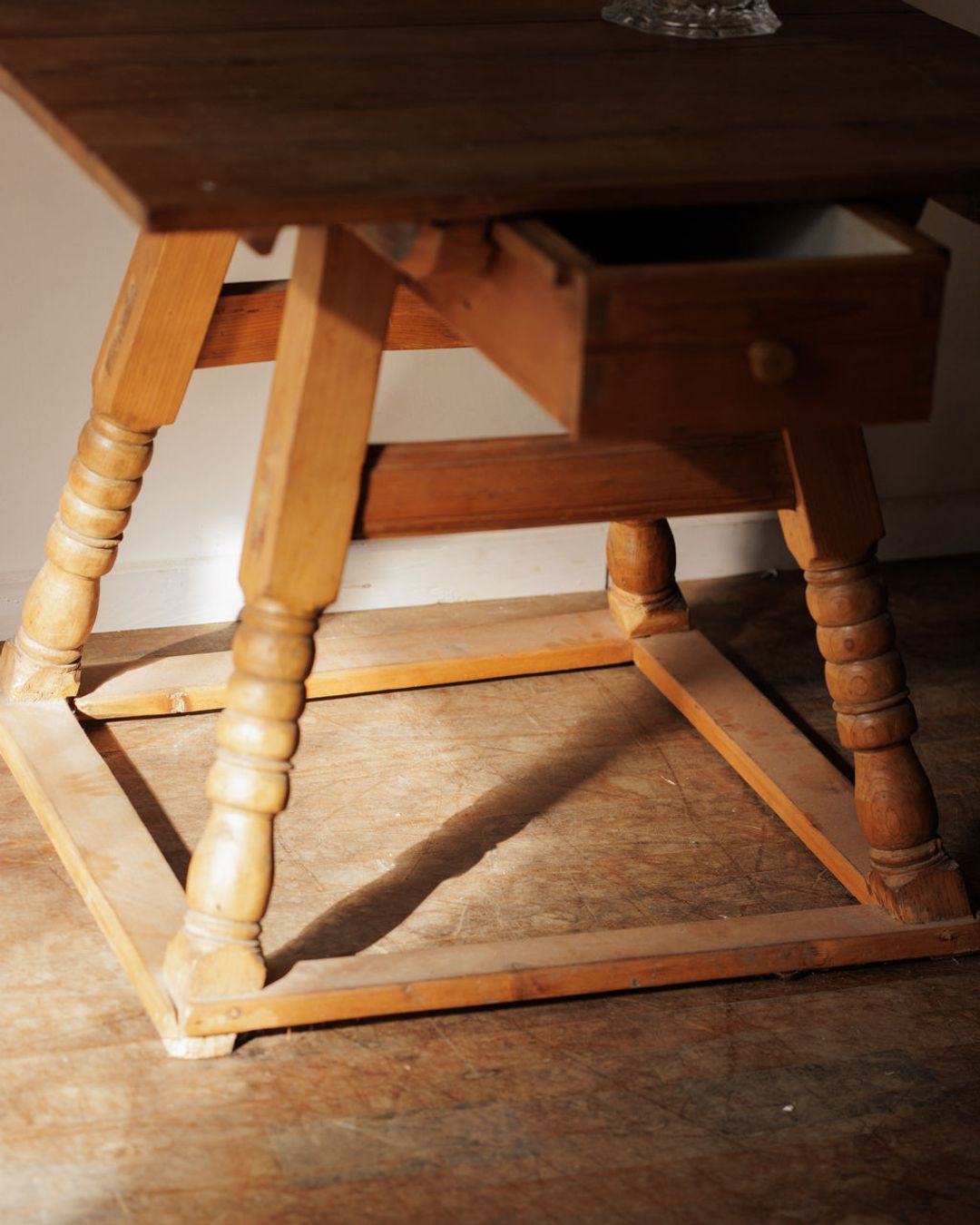 Swedish Entryway Table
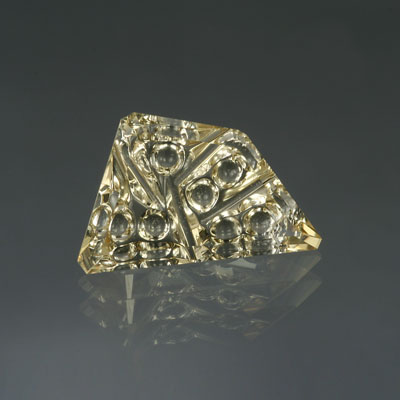 Golden Beryl gemstone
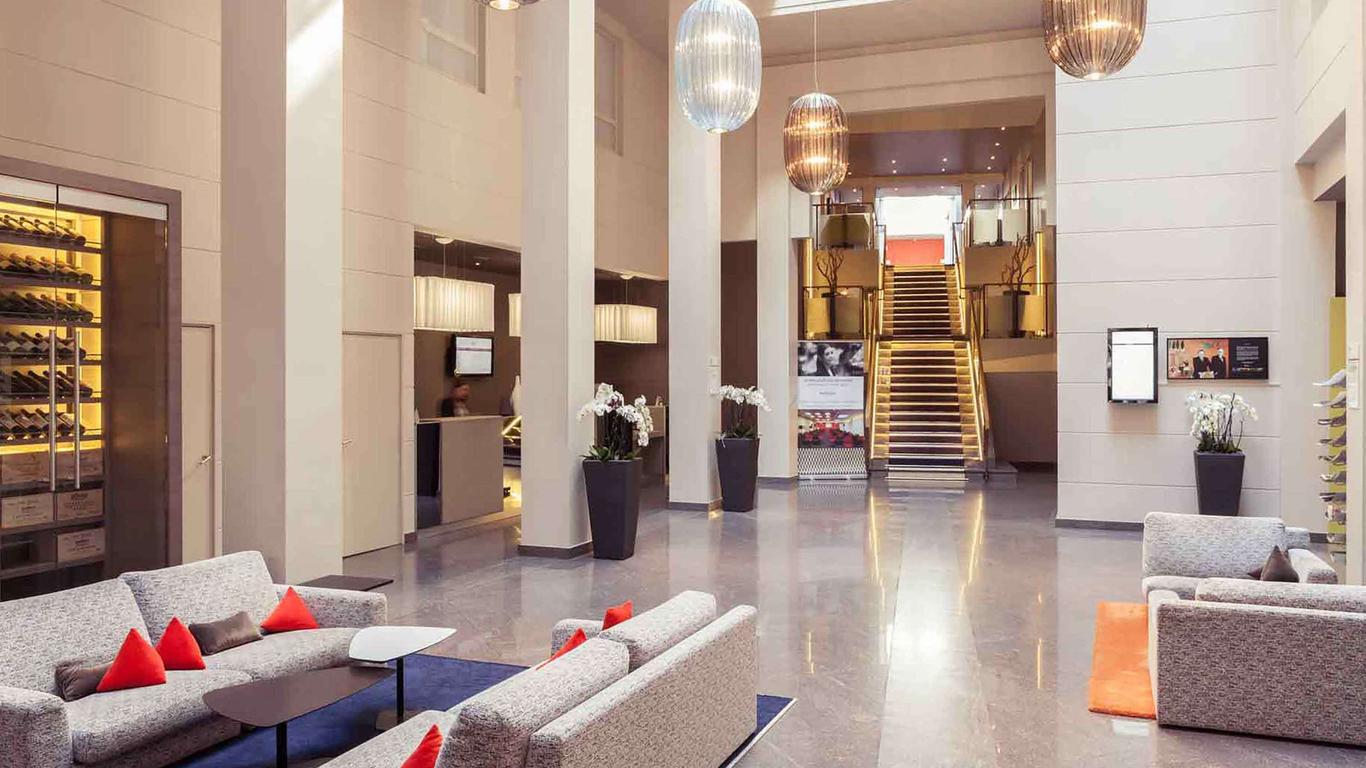 Mercure Nantes Centre Grand Hotel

════════

_What needs to be done_.
An exact reproduction of the material is needed, without its images.

_Solution to this exercise_.
 Swedish Entryway Table
 Golden Beryl gemstone
 Mercure Nantes Centre Grand Hotel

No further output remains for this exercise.